Guard – Diara Moore – Senior, 5-7; 2013-14: 11.6 ppg, 4.3 rpg, 1.8 apg

At 5-7, Moore gets over four rebounds per game, affirming this team's greatest strength. As a guard who should be able to function well on the perimeter, Moore hits only 12.5 percent of her three-point attempts, magnifying this team's biggest weakness.

Bench

You've read about Frizzell, a player who is essentially a "sixth starter" for this team. The Rebels' other primary reserves in a nine-deep rotation are forwards Kenyotta Jenkins and Monique Jackson plus guard Amber Singletary. Jenkins averages 4.5 rebounds per game, Jackson 2.4. Singletary averages 2.1 boards per game. The only player on the roster averaging fewer than 2 boards per game is Frizzell, and interestingly enough, she's the only player on this team who shoots at a half-decent rate from three-point range.

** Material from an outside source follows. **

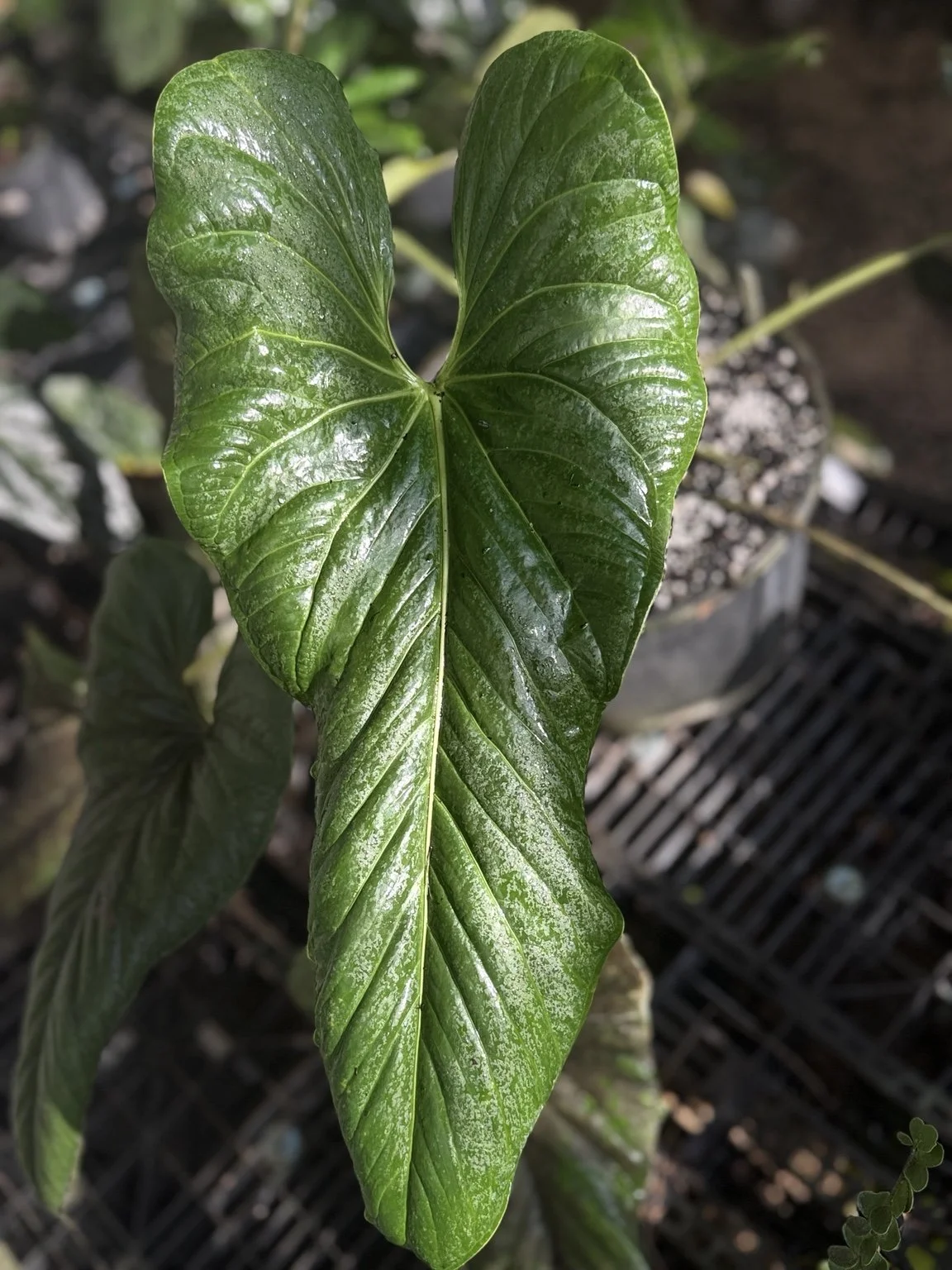 Anthurium ravenii aff mother plant at Joyful Growers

The The shared characteristics of the players on this team are rather conspicuous, with Frizzell being the noticeable exception to the rule.

Keys to the Game

1) Rebound with energy and commitment at all five positions.
If Vanderbilt denies Ole Miss on the defensive glass, it will win. Period. End of story.

2) Contain McFarland and let the rest take care of itself. McFarland does so many things for the Rebels. If Vanderbilt's defense limits her influence and effectiveness as a passer, Ole Miss will have nowhere else to turn.